◆ Exercise instructions: Set down the whole listing below exactly, without pictures.
--- Information shown ---
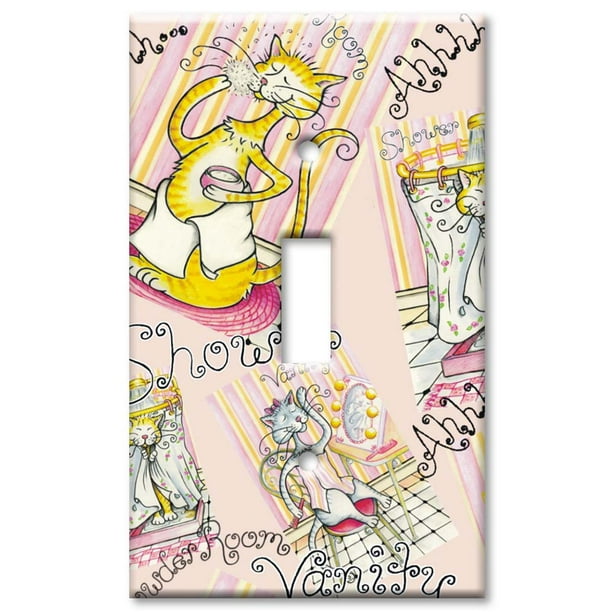 Outlet Cover Wall Plate Paris Je Taime Art Plates 250-O Outlet Cover Wall Plate Paris Je Taime Art Plates 250-O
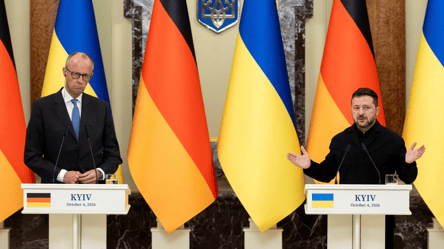 Зеленський: Україна та Німеччина успішно випробували перехоплювач SPYS - 304x171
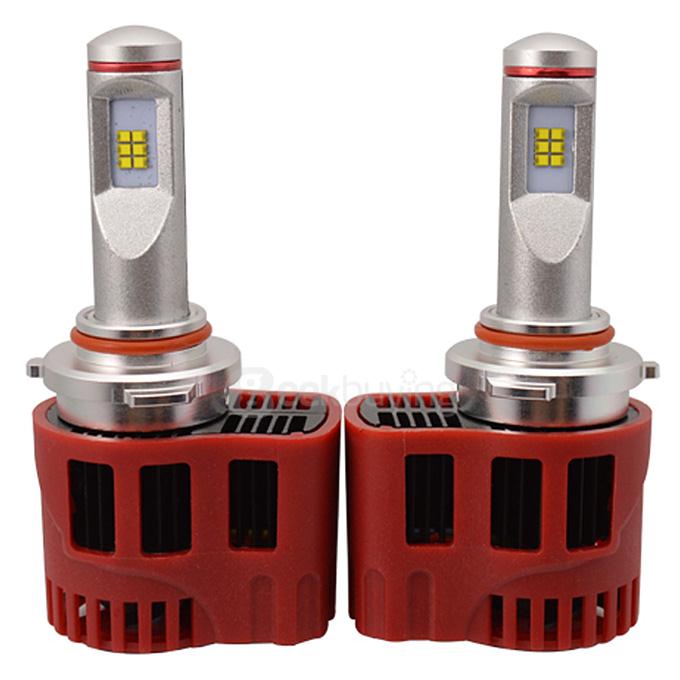 P6 Philips Chips 45W 4500lm LED Car Headlight HB4 6000K LED Car Headbulb Conversion Kit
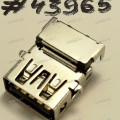 Разъём USB3.0 CON 9P SUNK (Asus p/n: 12013-00240200) HUABEI HQ11900482000 Разъём USB3.0 CON 9P SUNK (Asus p/n: 12013-00240200) HUABEI HQ11900482000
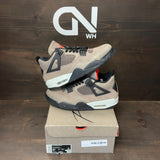 Jordan 4 Retro Taupe Haze Size 8.5 (Pre-Owned) - front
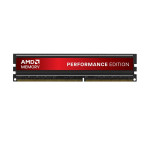 Память DIMM DDR4 8Гб 2400МГц AMD (19200Мб/с, CL16, 288-pin, 1.2)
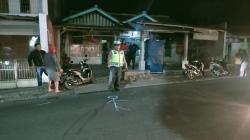 Kecelakaan Maut di Garut, Bus Primajasa Lindas Pemotor yang Jatuh Tersenggol<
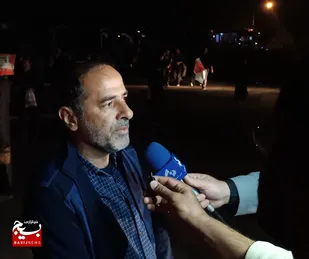 اعزام قریب هزار نفر از شاهرود به مرقد امام راحل+ تصاویر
---
◆ Written response:
 Outlet Cover Wall Plate Paris Je Taime Art Plates 250-O Outlet Cover Wall Plate Paris Je Taime Art Plates 250-O
 Зеленський: Україна та Німеччина успішно випробували перехоплювач SPYS - 304x171
 P6 Philips Chips 45W 4500lm LED Car Headlight HB4 6000K LED Car Headbulb Conversion Kit
 Разъём USB3.0 CON 9P SUNK (Asus p/n: 12013-00240200) HUABEI HQ11900482000 Разъём USB3.0 CON 9P SUNK (Asus p/n: 12013-00240200) HUABEI HQ11900482000
 Jordan 4 Retro Taupe Haze Size 8.5 (Pre-Owned) - front
 Память DIMM DDR4 8Гб 2400МГц AMD (19200Мб/с, CL16, 288-pin, 1.2)
 Kecelakaan Maut di Garut, Bus Primajasa Lindas Pemotor yang Jatuh Tersenggol<
 اعزام قریب هزار نفر از شاهرود به مرقد امام راحل+ تصاویر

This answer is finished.